APPROVAL OF THE APPELLATE DIVISION

SUPERIOR COURT OF NEW JERSEY

APPELLATE DIVISION

DOCKET NO. A-1779-04-T21779-04T2

ROBIN COHEN,

Plaintiff-Appellant,

v.

KEITH MILLER,

Defendant-Respondent.

________________________________________

 

Submitted May 10, 2006 - Decided June 27, 2006

Before Judges Weissbard and Sapp-Peterson.

On appeal from the Superior Court of New Jersey, Law Division, Bergen County, L-1333-04.

Franco & Franco, attorneys for appellant (Robert A. Franco, on the brief).

Jeffrey T. Carney, attorney for respondent.

PER CURIAM

Plaintiff Robin Cohen appeals the entry of an order dated August 27, 2004, granting summary judgment in favor of her brother, defendant Keith Miller, dismissing her complaint in which she charged that Miller misappropriated assets from the estate of their late mother, May Gold Miller. Plaintiff failed to file timely opposition to the motion and her attorney failed to appear for oral argument on the return date of the motion. The motion was therefore granted as unopposed. We now reverse.

The record reveals defendant filed his motion for summary judgment on April 2, 2004, returnable May 14, 2004. Plaintiff's counsel sought an adjournment of the return date, but defense counsel would not consent. The motion judge refused to adjourn the motion without defense counsel's consent, but he offered to conduct a telephone conference.
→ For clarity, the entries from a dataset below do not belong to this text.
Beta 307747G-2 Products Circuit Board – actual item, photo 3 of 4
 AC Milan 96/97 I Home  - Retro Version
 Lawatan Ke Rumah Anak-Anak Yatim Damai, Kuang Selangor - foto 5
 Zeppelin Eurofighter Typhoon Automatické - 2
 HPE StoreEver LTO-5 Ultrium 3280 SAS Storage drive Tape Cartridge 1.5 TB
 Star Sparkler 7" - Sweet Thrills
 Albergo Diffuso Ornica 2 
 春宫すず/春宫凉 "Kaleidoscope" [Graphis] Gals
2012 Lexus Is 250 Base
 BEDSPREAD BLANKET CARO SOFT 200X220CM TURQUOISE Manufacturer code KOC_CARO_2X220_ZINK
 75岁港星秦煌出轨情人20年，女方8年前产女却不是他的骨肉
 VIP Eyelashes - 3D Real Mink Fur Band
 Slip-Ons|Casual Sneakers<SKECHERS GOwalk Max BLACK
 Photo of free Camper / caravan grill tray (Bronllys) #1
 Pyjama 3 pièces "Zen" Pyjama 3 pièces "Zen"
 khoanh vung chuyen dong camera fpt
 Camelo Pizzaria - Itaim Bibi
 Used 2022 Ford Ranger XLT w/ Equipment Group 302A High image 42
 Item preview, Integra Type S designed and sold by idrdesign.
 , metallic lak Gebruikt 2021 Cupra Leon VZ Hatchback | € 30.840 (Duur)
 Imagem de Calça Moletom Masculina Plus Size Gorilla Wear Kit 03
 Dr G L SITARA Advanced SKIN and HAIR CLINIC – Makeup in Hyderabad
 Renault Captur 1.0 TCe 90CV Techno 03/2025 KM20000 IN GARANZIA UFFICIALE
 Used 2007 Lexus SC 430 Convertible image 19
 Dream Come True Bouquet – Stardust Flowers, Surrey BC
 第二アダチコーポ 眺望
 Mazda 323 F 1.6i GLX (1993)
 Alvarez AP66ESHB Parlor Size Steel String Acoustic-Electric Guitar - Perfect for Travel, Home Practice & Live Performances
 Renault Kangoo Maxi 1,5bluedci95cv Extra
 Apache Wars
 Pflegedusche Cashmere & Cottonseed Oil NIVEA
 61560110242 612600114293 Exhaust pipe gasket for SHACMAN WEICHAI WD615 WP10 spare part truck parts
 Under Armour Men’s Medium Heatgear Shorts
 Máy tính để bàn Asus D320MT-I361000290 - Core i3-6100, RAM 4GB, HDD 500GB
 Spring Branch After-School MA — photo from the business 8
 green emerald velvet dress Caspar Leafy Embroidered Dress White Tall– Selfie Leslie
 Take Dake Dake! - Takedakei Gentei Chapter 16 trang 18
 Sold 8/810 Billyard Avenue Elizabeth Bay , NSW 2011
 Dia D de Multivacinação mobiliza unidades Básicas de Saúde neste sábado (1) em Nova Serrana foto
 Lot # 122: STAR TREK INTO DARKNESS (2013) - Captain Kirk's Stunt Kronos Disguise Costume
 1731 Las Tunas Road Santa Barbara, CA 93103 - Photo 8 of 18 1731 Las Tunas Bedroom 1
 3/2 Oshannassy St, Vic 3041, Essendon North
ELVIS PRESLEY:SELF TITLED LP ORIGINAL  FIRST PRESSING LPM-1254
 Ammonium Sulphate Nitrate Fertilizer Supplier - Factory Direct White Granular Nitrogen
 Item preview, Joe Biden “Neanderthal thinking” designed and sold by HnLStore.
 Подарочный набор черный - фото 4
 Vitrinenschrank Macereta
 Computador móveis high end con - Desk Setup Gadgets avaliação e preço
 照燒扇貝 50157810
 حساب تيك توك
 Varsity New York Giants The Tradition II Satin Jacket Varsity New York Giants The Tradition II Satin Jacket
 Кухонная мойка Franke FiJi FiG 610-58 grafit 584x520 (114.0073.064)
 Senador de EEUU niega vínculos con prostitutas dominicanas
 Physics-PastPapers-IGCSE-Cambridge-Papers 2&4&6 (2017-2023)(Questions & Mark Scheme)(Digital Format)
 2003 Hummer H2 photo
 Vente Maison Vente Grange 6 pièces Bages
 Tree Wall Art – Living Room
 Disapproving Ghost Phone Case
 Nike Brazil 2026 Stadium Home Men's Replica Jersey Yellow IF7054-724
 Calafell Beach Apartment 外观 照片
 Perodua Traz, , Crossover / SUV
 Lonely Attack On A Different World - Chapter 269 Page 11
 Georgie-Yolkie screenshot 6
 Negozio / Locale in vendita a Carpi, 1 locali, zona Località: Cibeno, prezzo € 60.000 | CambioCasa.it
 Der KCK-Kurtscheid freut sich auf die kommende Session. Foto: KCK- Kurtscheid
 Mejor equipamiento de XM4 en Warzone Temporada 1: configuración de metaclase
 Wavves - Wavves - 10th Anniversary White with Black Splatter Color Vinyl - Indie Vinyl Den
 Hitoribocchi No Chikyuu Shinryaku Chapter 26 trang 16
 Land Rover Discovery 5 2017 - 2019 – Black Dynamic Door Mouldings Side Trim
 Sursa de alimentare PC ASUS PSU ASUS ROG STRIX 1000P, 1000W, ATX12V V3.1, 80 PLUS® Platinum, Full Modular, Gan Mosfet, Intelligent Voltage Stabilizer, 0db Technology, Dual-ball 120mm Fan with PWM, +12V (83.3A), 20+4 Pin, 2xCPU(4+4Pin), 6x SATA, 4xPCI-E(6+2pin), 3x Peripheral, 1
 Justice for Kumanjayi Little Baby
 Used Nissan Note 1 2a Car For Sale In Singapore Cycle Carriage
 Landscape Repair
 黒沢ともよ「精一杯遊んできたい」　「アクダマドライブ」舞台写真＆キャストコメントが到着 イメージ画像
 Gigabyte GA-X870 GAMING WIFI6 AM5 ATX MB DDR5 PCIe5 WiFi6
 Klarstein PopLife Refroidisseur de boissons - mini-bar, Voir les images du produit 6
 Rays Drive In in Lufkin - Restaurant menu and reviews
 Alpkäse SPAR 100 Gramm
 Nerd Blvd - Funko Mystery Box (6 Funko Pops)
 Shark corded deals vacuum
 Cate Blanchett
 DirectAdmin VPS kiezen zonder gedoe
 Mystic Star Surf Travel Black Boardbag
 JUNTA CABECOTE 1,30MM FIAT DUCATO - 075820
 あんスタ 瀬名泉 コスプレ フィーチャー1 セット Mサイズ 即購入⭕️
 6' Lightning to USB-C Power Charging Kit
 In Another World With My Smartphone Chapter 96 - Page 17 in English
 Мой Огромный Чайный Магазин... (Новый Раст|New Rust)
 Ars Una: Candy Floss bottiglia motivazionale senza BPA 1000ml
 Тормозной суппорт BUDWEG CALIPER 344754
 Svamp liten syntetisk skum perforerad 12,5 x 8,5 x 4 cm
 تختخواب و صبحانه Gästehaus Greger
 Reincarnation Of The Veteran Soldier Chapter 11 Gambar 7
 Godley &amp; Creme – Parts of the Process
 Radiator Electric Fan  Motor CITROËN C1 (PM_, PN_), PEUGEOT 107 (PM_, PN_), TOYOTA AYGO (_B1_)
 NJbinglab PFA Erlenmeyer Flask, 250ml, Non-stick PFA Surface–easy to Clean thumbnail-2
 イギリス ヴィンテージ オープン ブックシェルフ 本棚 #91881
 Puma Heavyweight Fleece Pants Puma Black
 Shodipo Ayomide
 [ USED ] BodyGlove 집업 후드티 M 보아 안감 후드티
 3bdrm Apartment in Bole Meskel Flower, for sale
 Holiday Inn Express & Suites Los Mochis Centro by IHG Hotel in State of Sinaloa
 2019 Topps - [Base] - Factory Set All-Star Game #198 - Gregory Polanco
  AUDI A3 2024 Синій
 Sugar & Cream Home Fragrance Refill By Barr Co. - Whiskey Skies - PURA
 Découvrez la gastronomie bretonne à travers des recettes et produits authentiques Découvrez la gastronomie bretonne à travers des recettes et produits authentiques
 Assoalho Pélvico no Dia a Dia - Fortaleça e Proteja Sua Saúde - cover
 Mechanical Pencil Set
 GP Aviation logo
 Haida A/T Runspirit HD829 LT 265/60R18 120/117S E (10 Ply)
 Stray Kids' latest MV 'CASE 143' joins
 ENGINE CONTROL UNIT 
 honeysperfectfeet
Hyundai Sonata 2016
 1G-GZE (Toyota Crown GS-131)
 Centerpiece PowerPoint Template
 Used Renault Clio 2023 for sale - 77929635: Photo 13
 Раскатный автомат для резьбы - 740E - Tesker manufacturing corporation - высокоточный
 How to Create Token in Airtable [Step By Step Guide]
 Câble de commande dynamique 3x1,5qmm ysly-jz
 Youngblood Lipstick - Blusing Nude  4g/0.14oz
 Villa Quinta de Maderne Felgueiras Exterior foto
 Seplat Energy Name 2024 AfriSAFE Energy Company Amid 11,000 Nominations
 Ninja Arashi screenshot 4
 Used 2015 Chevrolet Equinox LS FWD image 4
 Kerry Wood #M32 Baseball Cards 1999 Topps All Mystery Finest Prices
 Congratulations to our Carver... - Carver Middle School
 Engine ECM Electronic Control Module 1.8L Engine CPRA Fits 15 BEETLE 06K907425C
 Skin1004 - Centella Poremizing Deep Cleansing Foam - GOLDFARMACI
As a result of the conference, the motion was adjourned until June 25, 2004. It was re-listed for July 9, 2004, but the motion judge agreed to a further adjournment because of a pending motion related to the matter that was scheduled before another judge. That matter involved a motion to quash a subpoena that plaintiff served upon John Clemen, Esq., returnable August 17, 2004. Plaintiff claimed that Clemen had been retained to represent her interests in the probate of her mother's estate and that his deposition was critical to her ability to oppose the summary judgment motion. The summary judgment motion was rescheduled for August 27, 2004. There is no dispute that plaintiff's counsel was aware of this new date.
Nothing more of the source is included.